Source records:
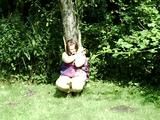 On a tree 1/3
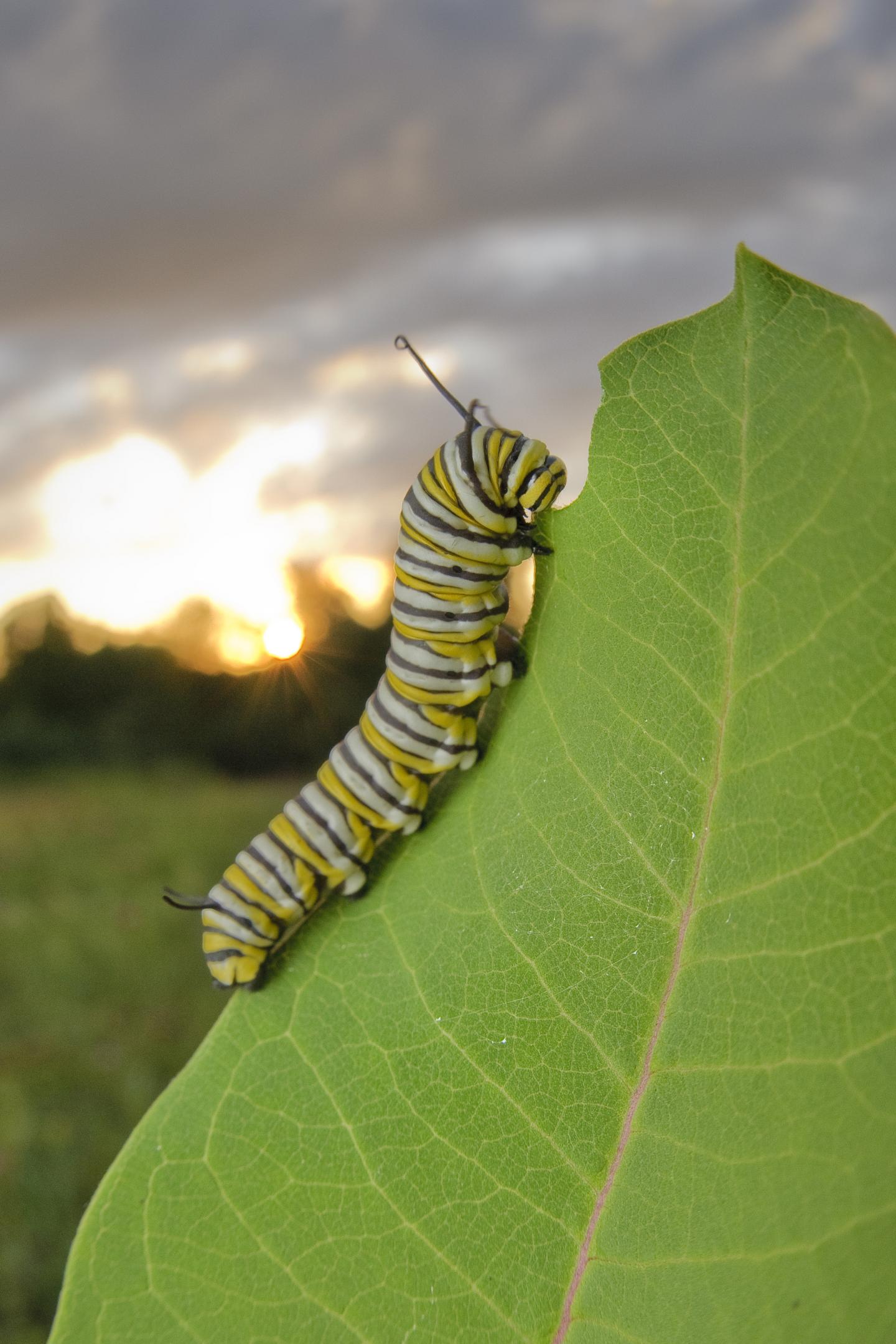 Monarch Caterpillar on Milkweed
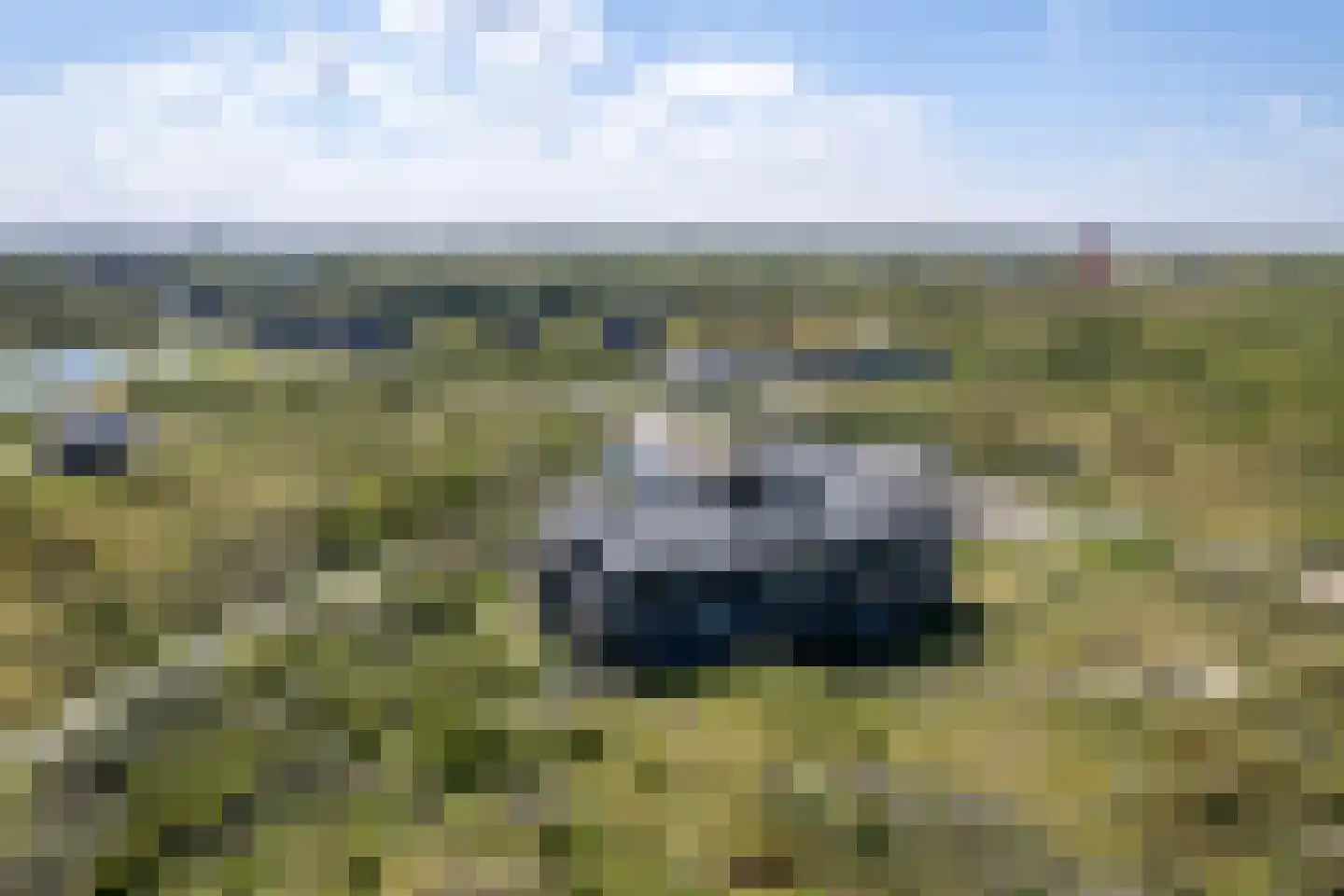 Badweg 68 Schiermonnikoog thumbnail 29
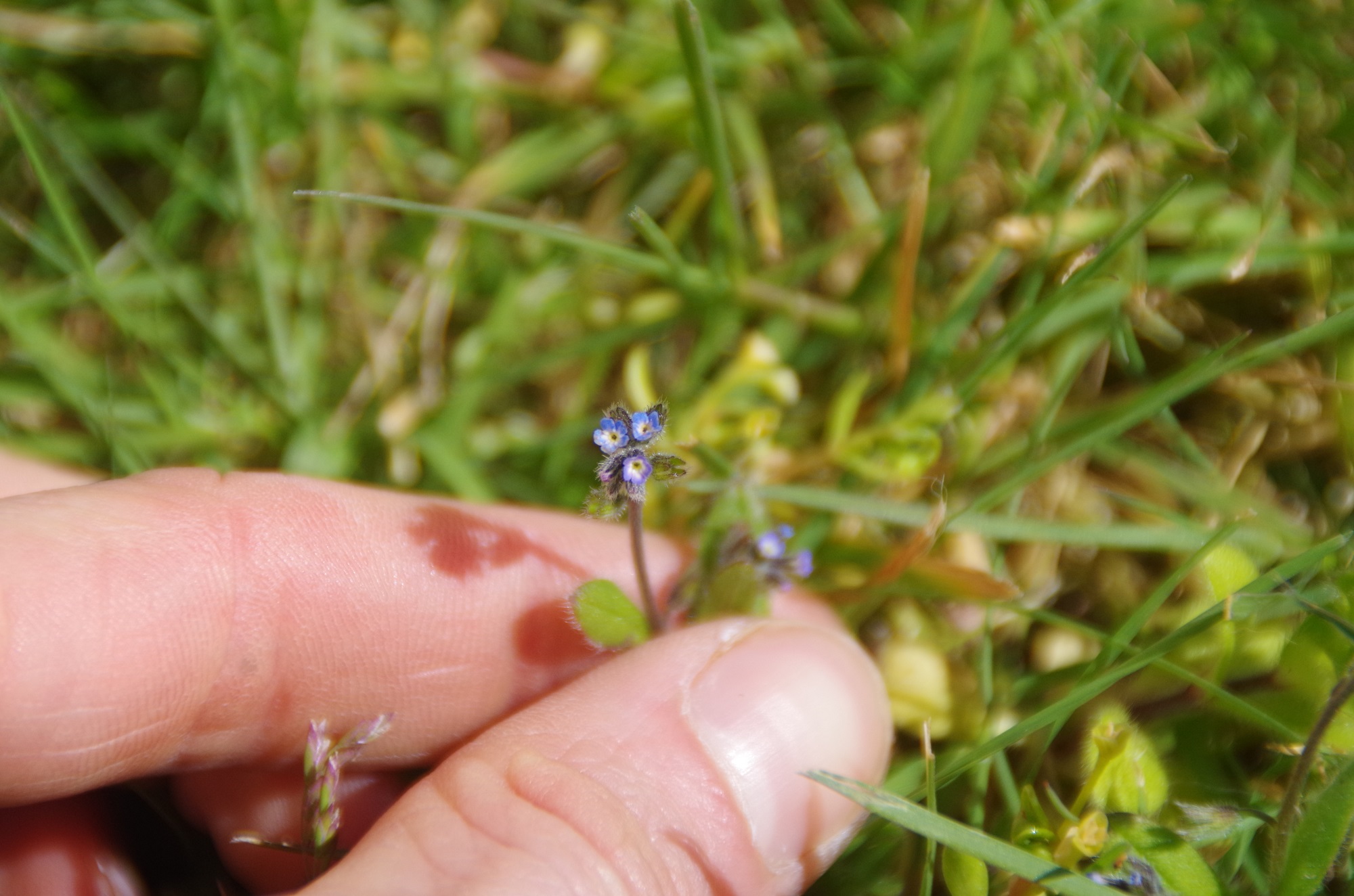 Annexe Myosotis des marais (redim) - fleur.jpg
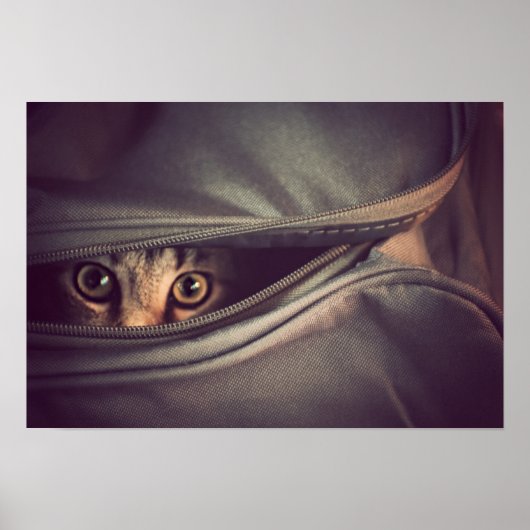 Young Tabby Kitten Poster (Voorkant)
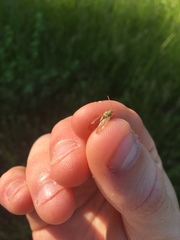 Adelphocoris lineolatus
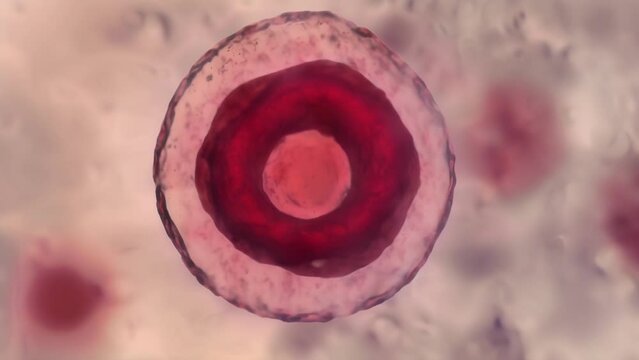 An electron microscope image of a singlecelled Leishmania donovani which causes l leishmaniasis. The image shows the round shape of . AI generation.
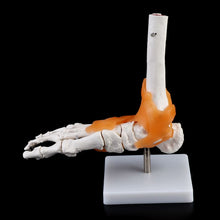 Load image into Gallery viewer, 1: 1 Human Skeleton Human Model Joint Medical Anatomy Ankle Ligament Anatomically Teaching Resource Tool

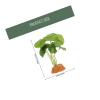 NESTINGHO Artificial Reptile Plants with a Realistic Look for Terrariums and Turtle Aquariums view 2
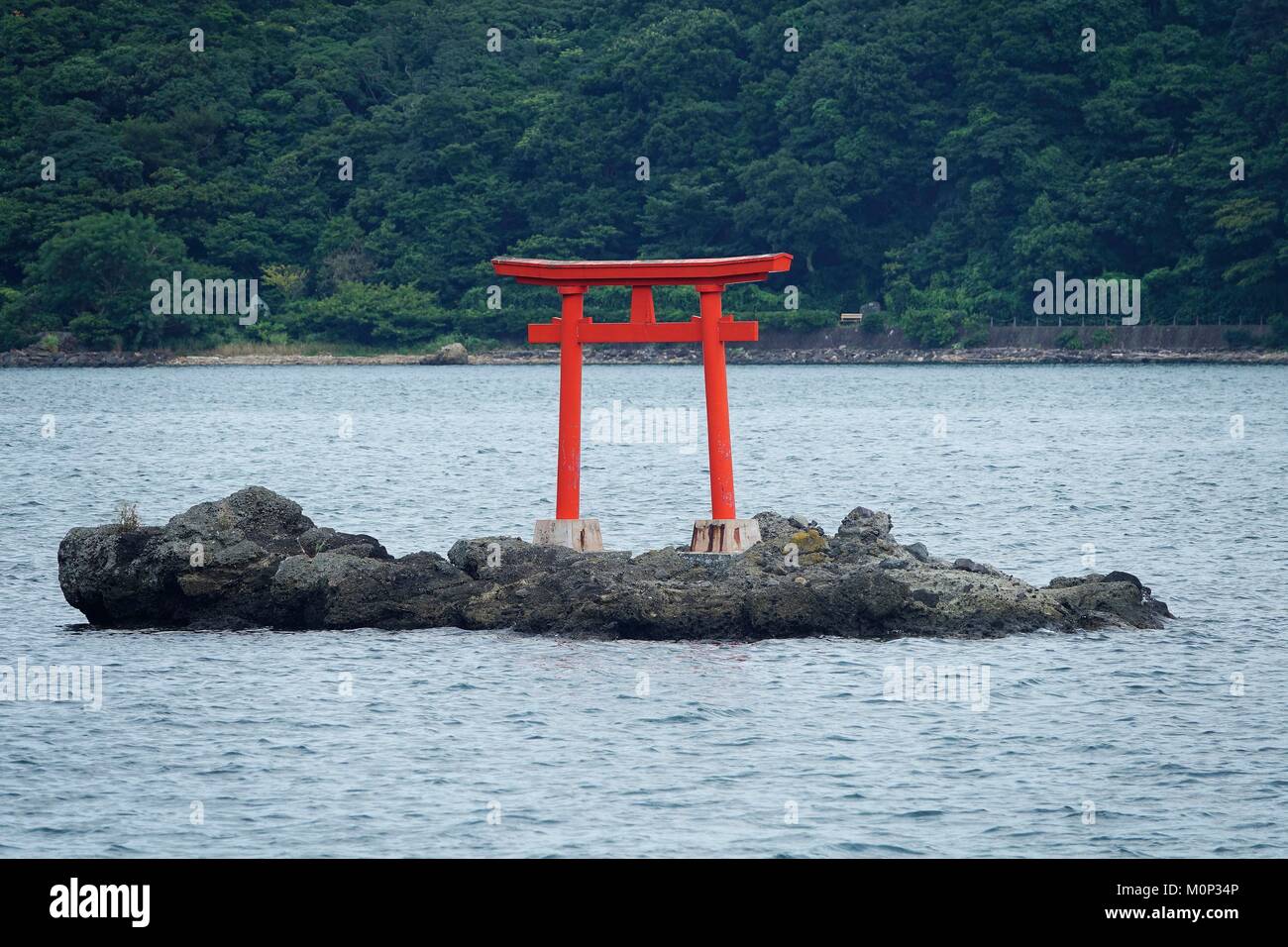 Giappone,Izu Peninsula,Shimoda,porto,tori Foto Stock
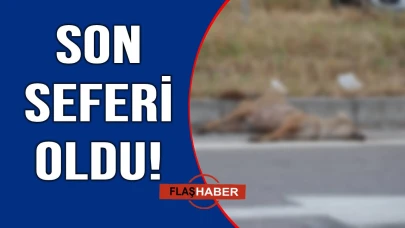 Piliç sevdası canından etti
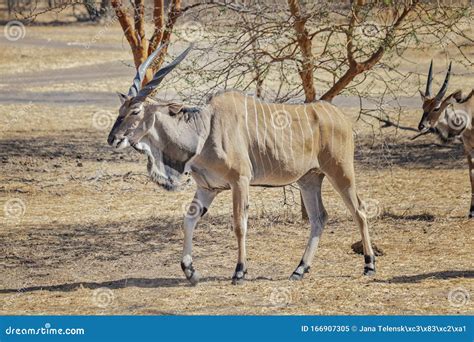 Close Up Photo of Giant Eland, Also Known As the Lord Derby Eland in ...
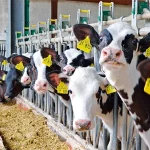 Startseite Startseite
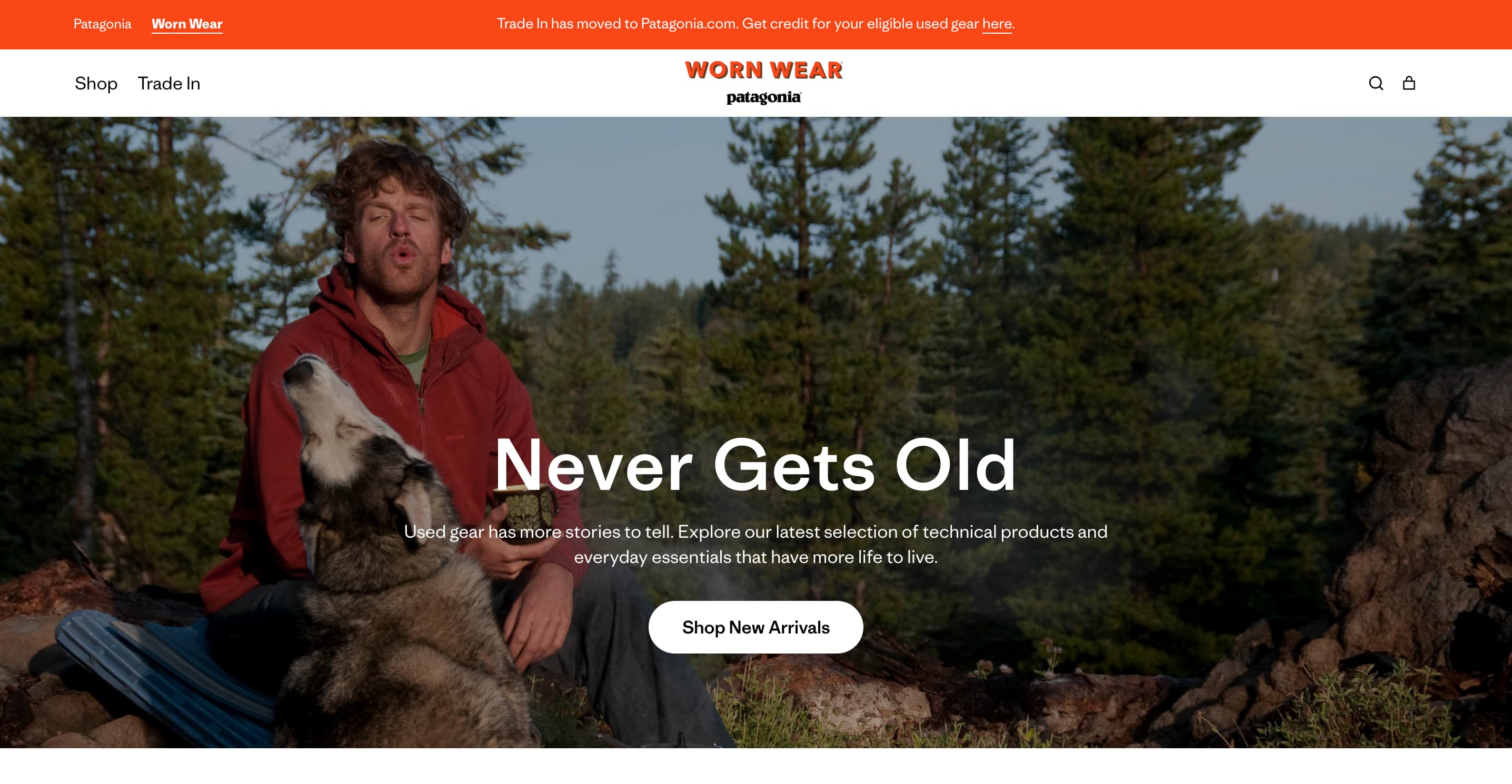 A screenshot of the Patagonia website.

- [What is expected]
Nothing but an exact copy belongs in the answer: the lines from the top of the records through the line containing "An electron microscope", minus the pictures.

- [Solved exercise]
 On a tree 1/3
 Monarch Caterpillar on Milkweed
 Badweg 68 Schiermonnikoog thumbnail 29
 Annexe Myosotis des marais (redim) - fleur.jpg
 Young Tabby Kitten Poster (Voorkant)
 Adelphocoris lineolatus
 An electron microscope image of a singlecelled Leishmania donovani which causes l leishmaniasis. The image shows the round shape of . AI generation.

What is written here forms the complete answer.